- _GIVEN INFORMATION_:
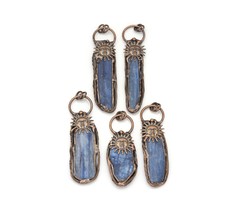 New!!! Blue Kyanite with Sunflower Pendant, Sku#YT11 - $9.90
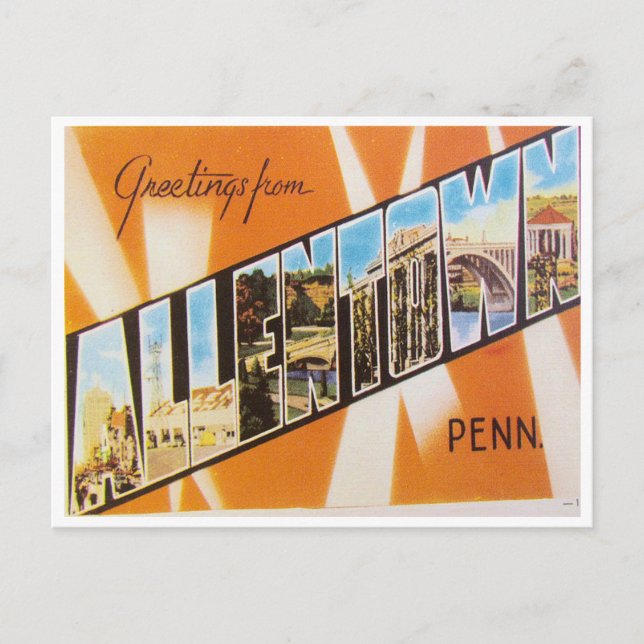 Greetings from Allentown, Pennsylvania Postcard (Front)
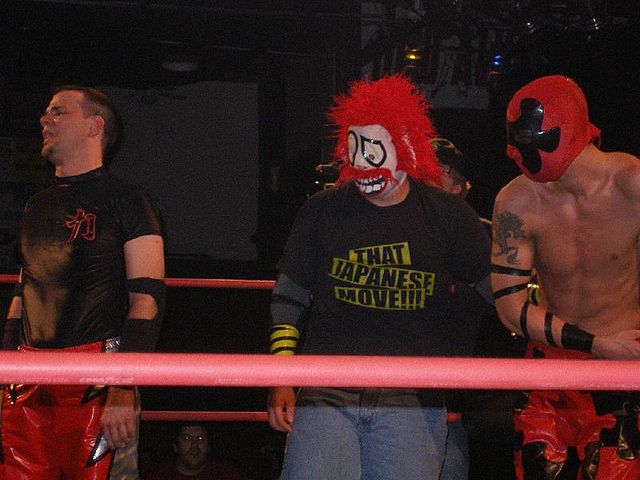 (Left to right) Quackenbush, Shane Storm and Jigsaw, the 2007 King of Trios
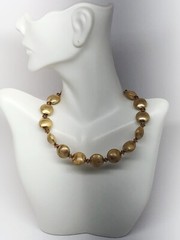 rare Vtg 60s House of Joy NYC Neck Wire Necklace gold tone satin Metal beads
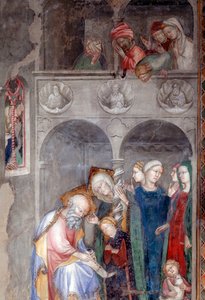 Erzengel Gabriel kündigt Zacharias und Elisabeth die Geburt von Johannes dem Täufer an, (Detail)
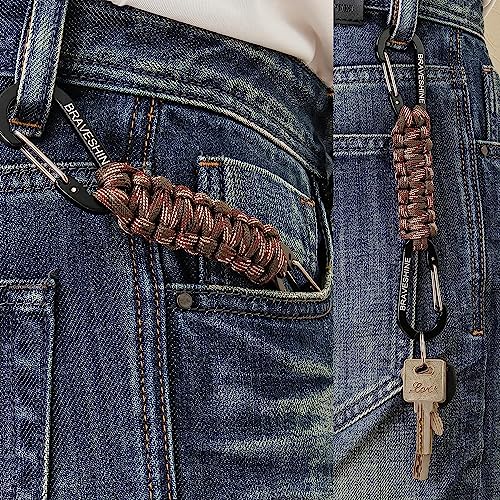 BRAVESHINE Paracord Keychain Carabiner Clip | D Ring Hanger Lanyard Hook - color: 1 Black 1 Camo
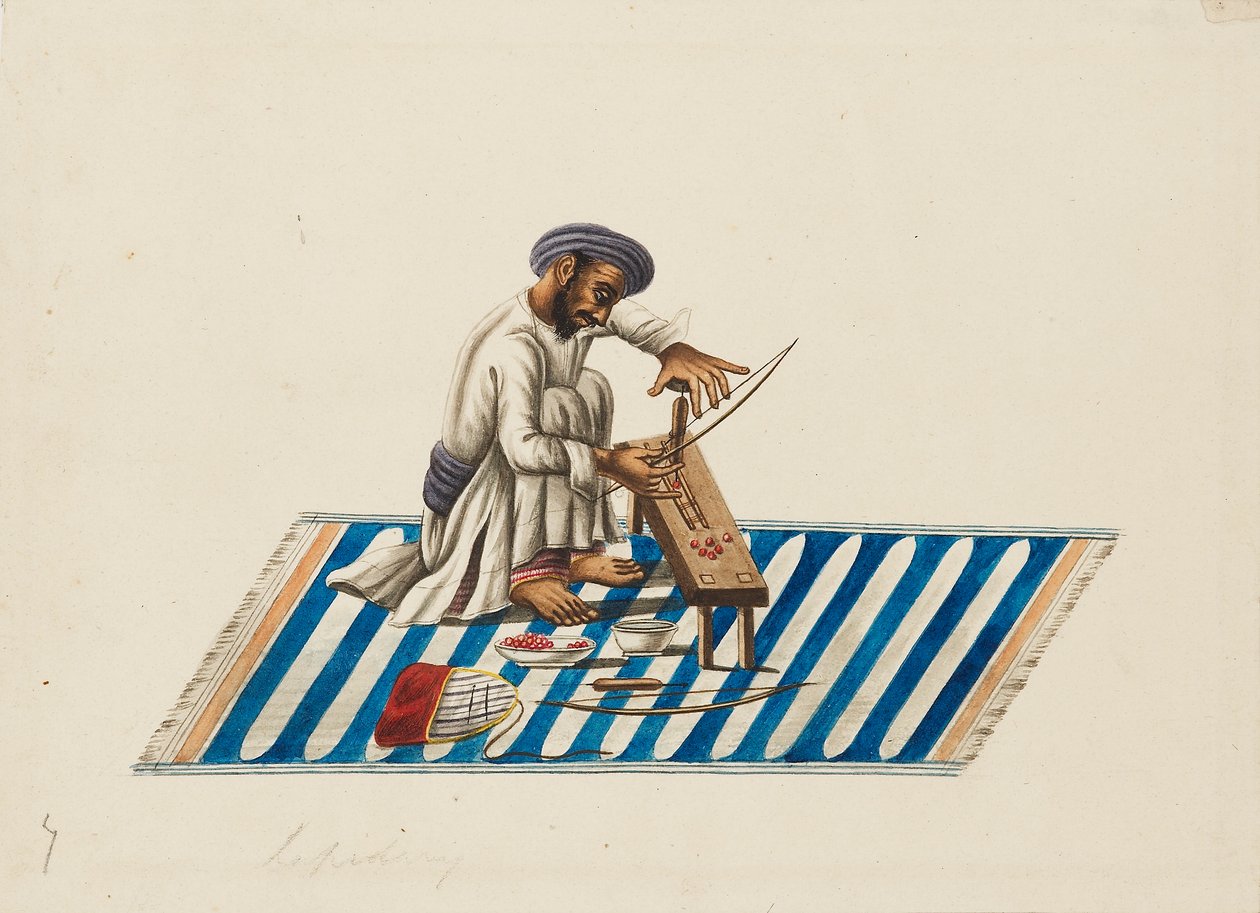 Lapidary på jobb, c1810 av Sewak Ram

- _WORK TO COMPLETE_: An exact copy is required of the lines from the one holding "Greetings from Allentown, Pennsylvania" to the end of the entries above, both included; no pictures belong in it.

- _ANSWER SECTION_:
 Greetings from Allentown, Pennsylvania Postcard (Front)
 (Left to right) Quackenbush, Shane Storm and Jigsaw, the 2007 King of Trios
 rare Vtg 60s House of Joy NYC Neck Wire Necklace gold tone satin Metal beads
 Erzengel Gabriel kündigt Zacharias und Elisabeth die Geburt von Johannes dem Täufer an, (Detail)
 BRAVESHINE Paracord Keychain Carabiner Clip | D Ring Hanger Lanyard Hook - color: 1 Black 1 Camo
 Lapidary på jobb, c1810 av Sewak Ram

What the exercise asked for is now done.